» What is required
Could you give the entries back exactly as they stand, minus any pictures?

» Materials provided
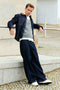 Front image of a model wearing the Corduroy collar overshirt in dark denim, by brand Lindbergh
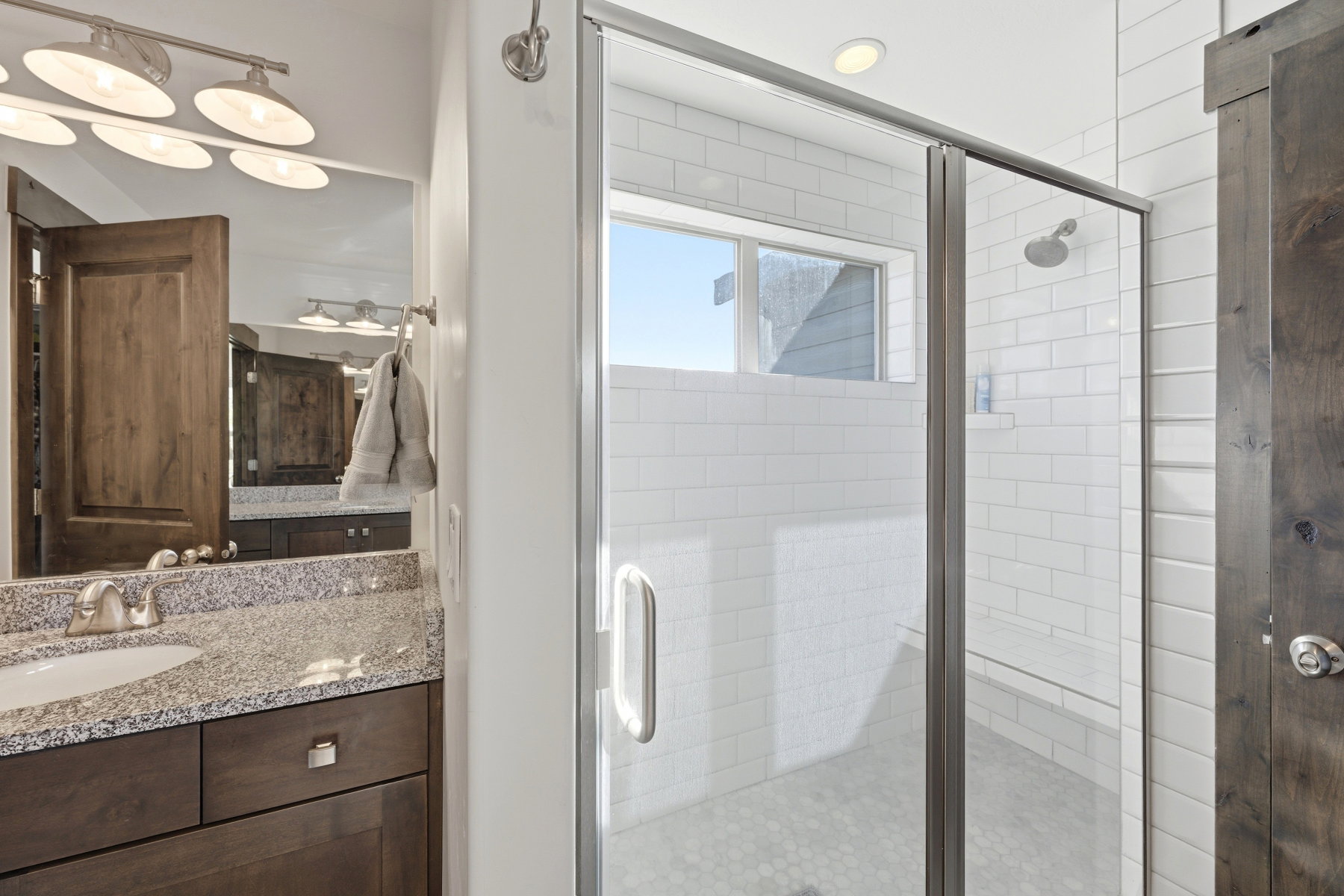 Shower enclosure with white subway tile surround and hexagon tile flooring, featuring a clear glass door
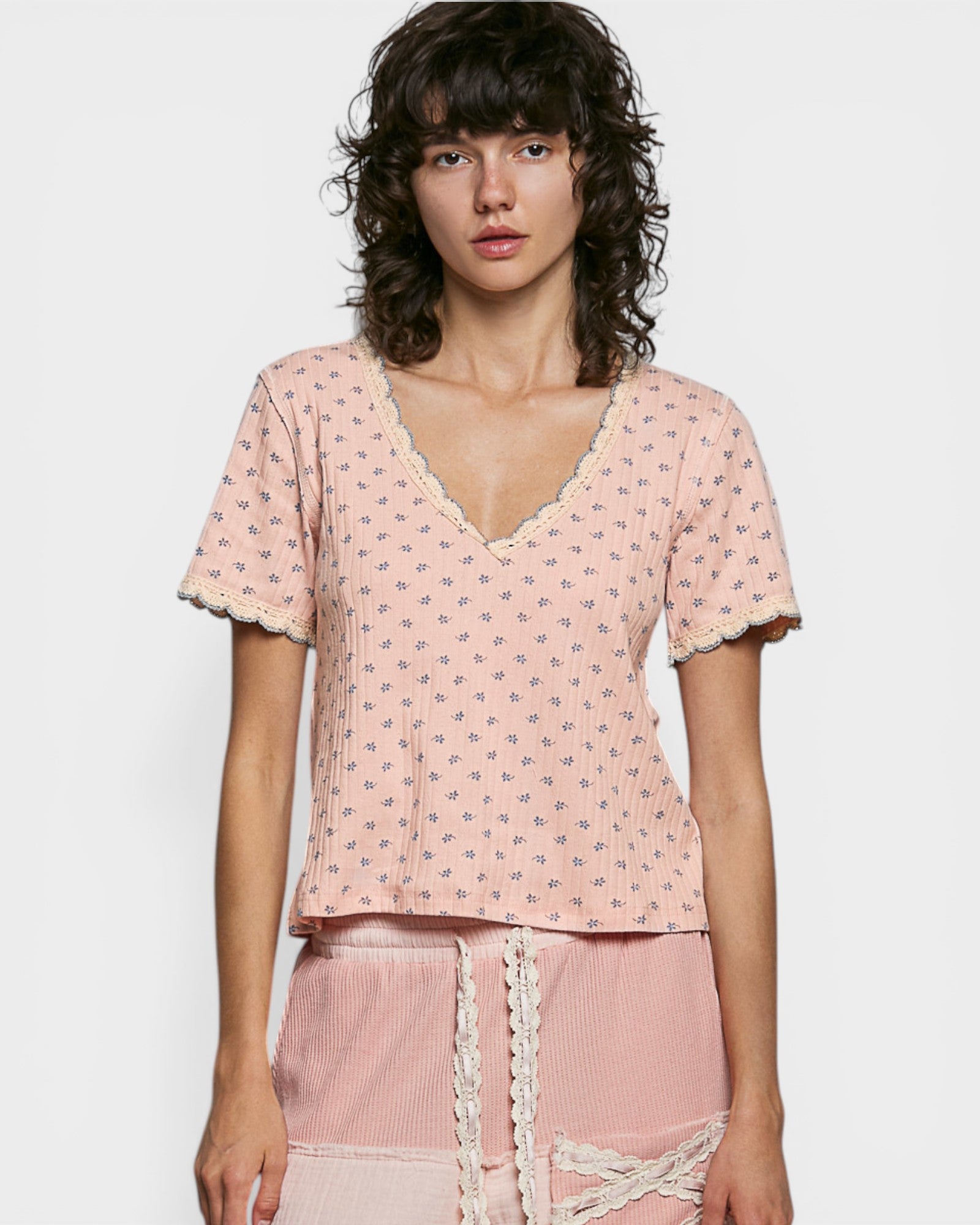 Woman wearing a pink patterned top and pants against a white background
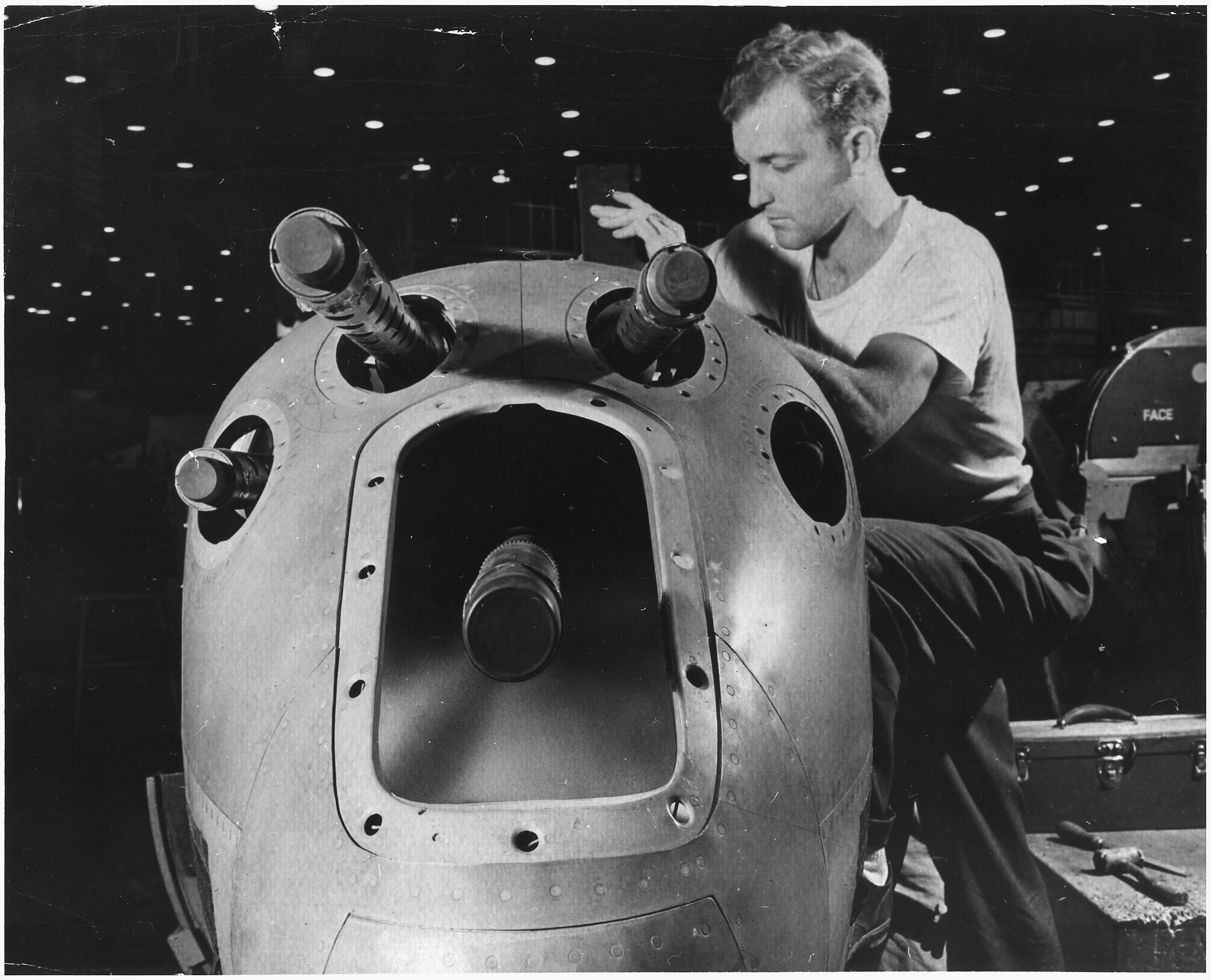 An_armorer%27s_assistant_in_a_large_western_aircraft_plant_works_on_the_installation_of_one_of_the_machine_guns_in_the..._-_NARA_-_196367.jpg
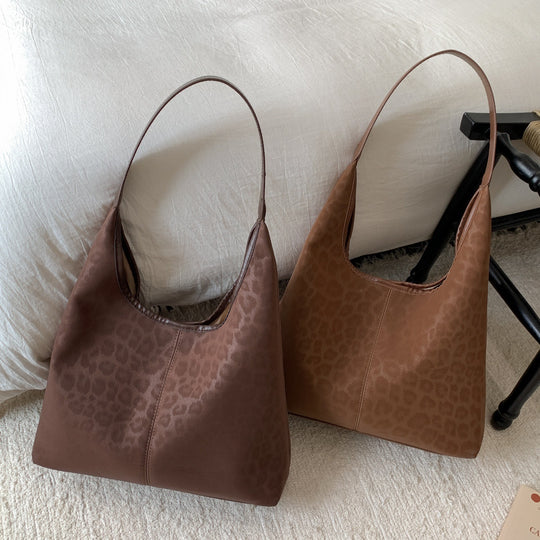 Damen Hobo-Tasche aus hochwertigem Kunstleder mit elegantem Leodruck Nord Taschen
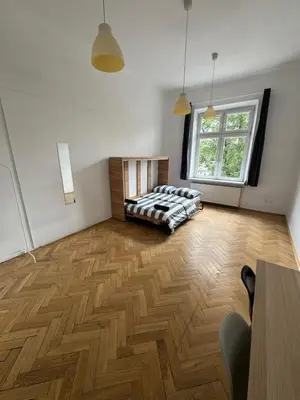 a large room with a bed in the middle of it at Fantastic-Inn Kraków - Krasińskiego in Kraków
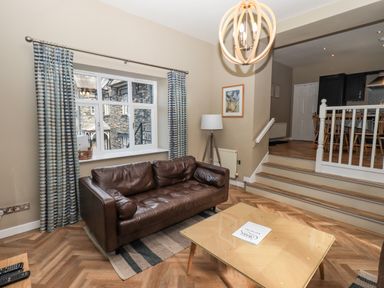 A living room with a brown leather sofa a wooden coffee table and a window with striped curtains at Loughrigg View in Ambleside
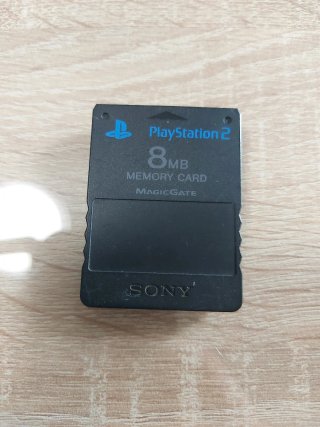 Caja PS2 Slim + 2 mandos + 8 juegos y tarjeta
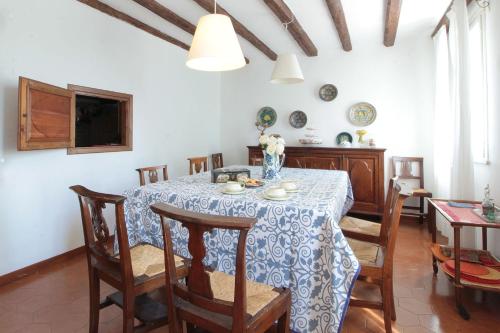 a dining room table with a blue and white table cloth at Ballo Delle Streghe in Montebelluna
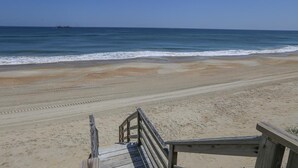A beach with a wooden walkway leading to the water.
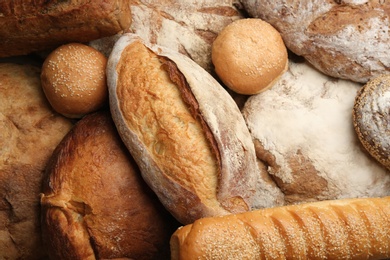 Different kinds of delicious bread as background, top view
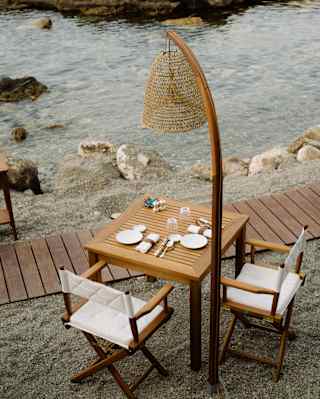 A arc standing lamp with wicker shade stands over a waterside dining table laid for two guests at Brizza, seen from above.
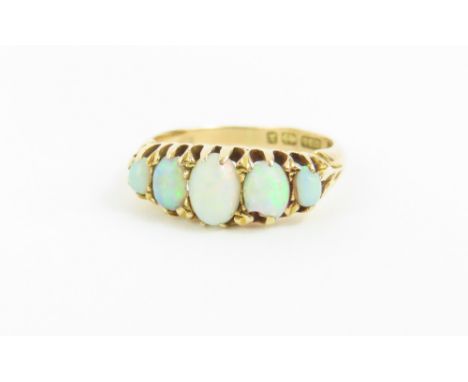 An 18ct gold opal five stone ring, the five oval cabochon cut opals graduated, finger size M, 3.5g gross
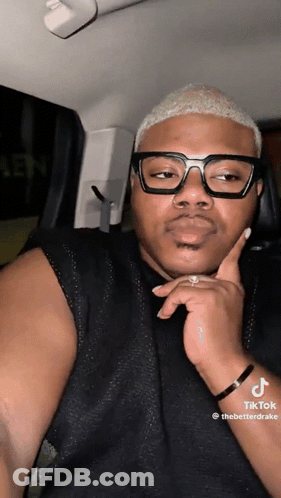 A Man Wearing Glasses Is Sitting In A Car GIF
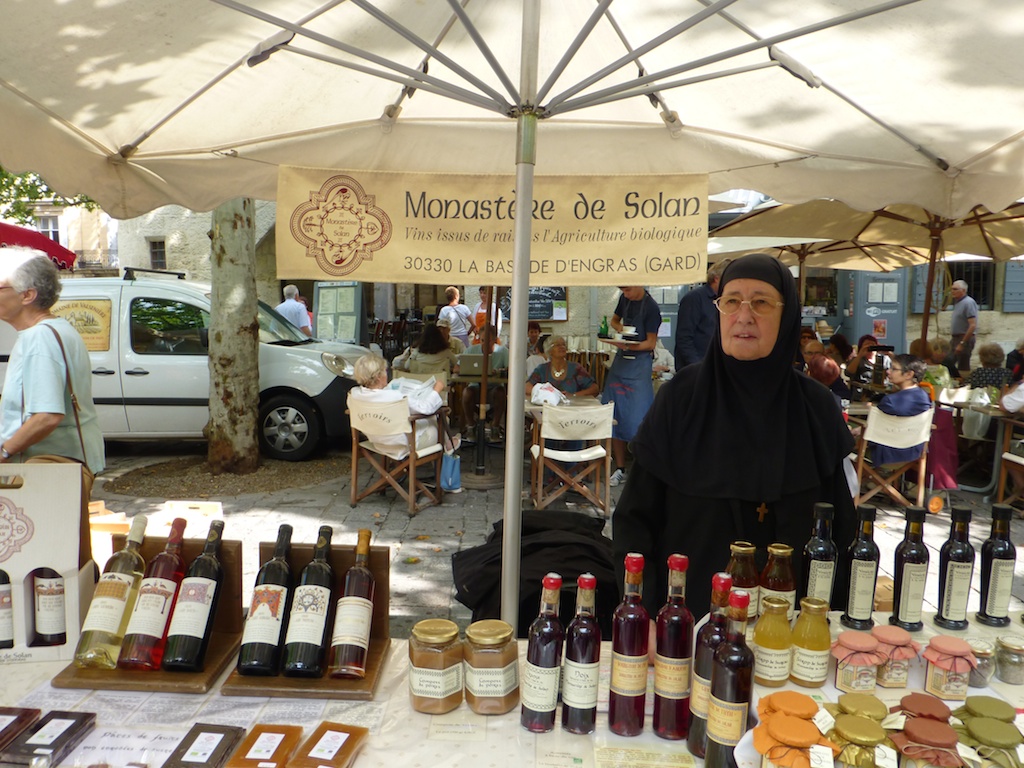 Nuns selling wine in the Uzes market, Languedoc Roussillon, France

» Result for this exercise
 Front image of a model wearing the Corduroy collar overshirt in dark denim, by brand Lindbergh
 Shower enclosure with white subway tile surround and hexagon tile flooring, featuring a clear glass door
 Woman wearing a pink patterned top and pants against a white background
 An_armorer%27s_assistant_in_a_large_western_aircraft_plant_works_on_the_installation_of_one_of_the_machine_guns_in_the..._-_NARA_-_196367.jpg
 Damen Hobo-Tasche aus hochwertigem Kunstleder mit elegantem Leodruck Nord Taschen
 a large room with a bed in the middle of it at Fantastic-Inn Kraków - Krasińskiego in Kraków
 A living room with a brown leather sofa a wooden coffee table and a window with striped curtains at Loughrigg View in Ambleside
 Caja PS2 Slim + 2 mandos + 8 juegos y tarjeta
 a dining room table with a blue and white table cloth at Ballo Delle Streghe in Montebelluna
A beach with a wooden walkway leading to the water.
 Different kinds of delicious bread as background, top view
 A arc standing lamp with wicker shade stands over a waterside dining table laid for two guests at Brizza, seen from above.
 An 18ct gold opal five stone ring, the five oval cabochon cut opals graduated, finger size M, 3.5g gross
 A Man Wearing Glasses Is Sitting In A Car GIF
 Nuns selling wine in the Uzes market, Languedoc Roussillon, France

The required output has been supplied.